╭─ The data

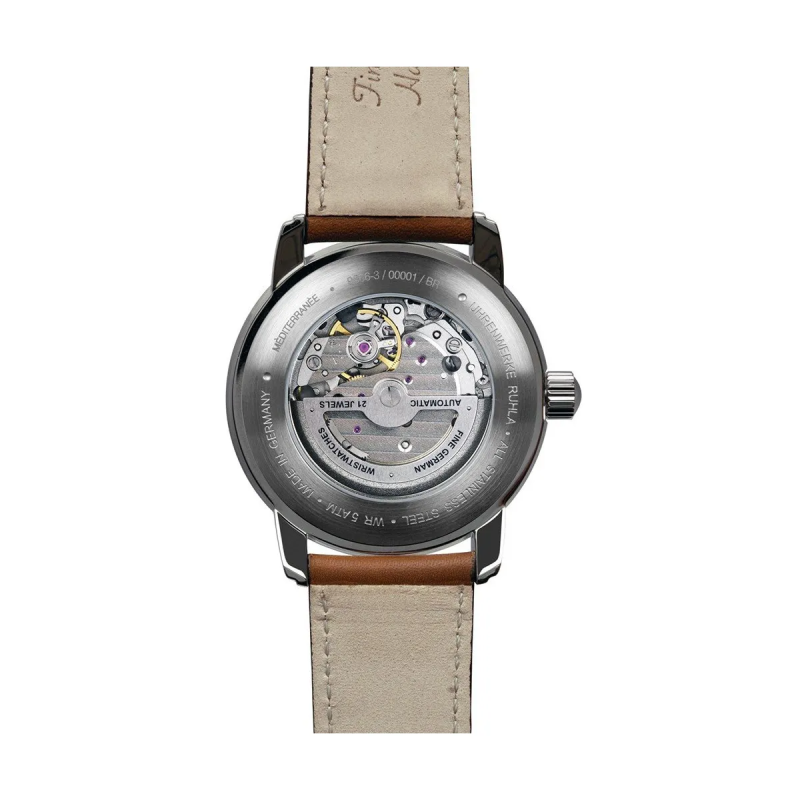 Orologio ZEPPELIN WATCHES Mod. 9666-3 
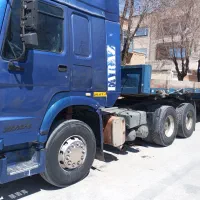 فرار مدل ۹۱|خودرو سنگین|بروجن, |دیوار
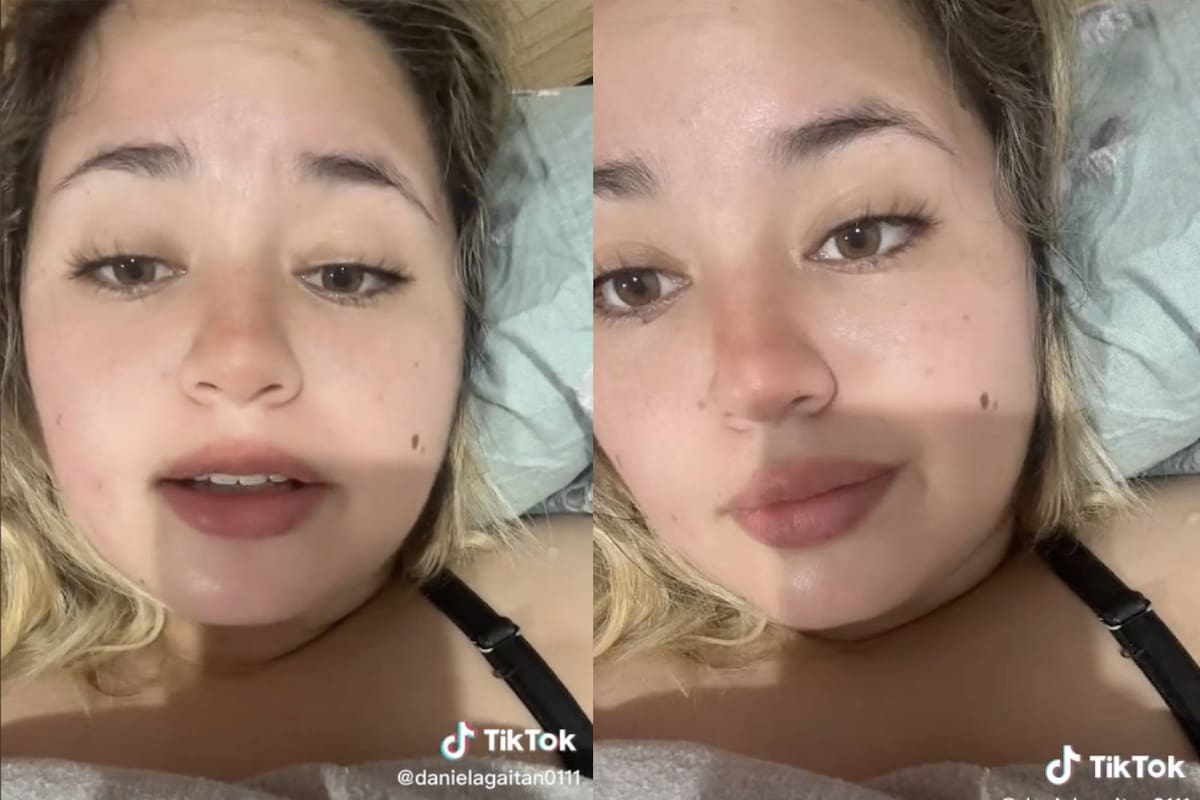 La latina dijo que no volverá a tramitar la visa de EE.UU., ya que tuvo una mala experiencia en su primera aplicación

╰─
╭─ The data

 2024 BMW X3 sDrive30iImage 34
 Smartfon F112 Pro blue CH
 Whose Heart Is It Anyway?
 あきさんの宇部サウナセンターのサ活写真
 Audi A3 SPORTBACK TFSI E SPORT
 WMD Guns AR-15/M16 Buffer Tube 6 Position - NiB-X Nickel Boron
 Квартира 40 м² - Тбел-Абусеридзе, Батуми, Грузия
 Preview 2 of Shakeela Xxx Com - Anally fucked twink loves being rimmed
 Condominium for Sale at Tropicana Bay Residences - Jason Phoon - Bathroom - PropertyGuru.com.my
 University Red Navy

╰─
╭─ The data

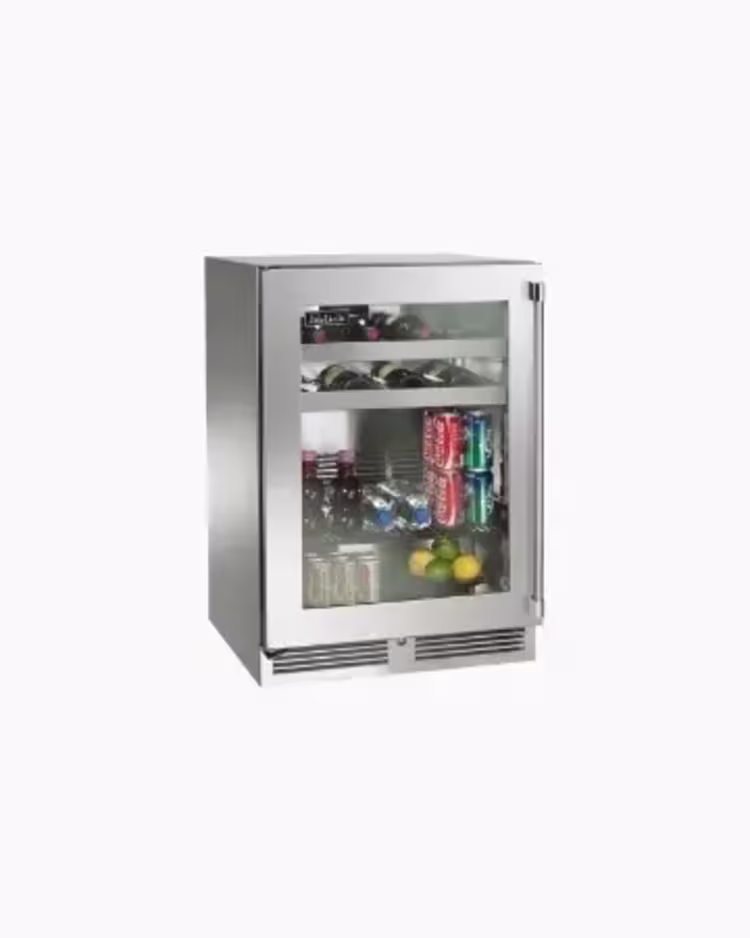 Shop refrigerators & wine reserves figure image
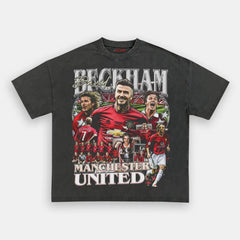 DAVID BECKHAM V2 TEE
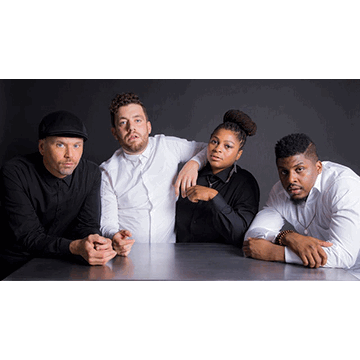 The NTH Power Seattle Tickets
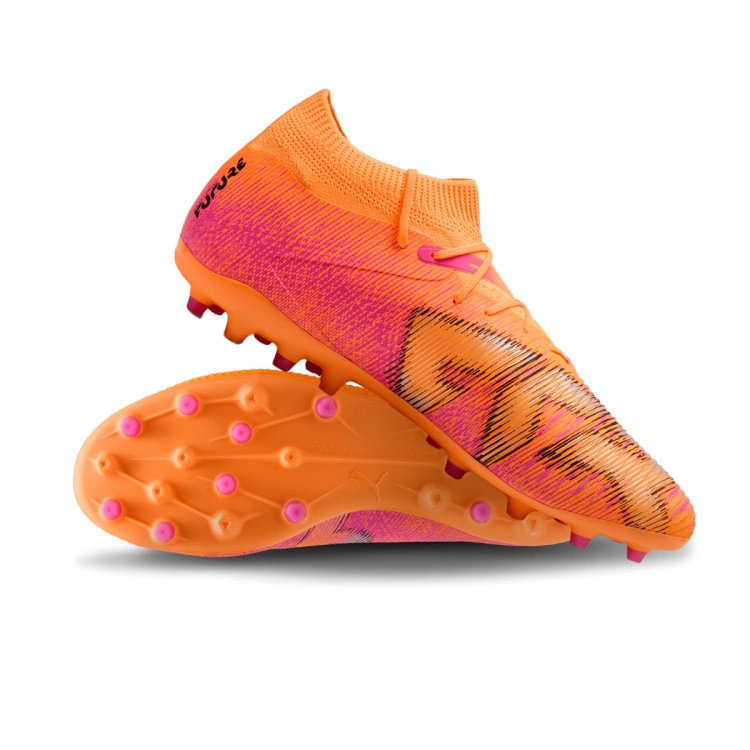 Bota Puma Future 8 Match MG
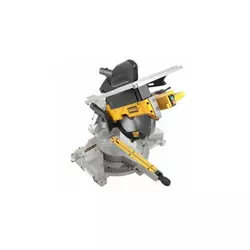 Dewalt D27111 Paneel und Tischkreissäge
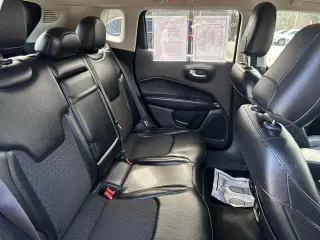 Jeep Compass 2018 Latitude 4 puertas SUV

╰─

> Task
For this exercise, set down the lines in the entries above from the one with "Orologio ZEPPELIN WATCHES Mod. 9666-3" through the one with "La latina dijo" exactly as written, without any pictures.

> Task output
 Orologio ZEPPELIN WATCHES Mod. 9666-3 
 فرار مدل ۹۱|خودرو سنگین|بروجن, |دیوار
 La latina dijo que no volverá a tramitar la visa de EE.UU., ya que tuvo una mala experiencia en su primera aplicación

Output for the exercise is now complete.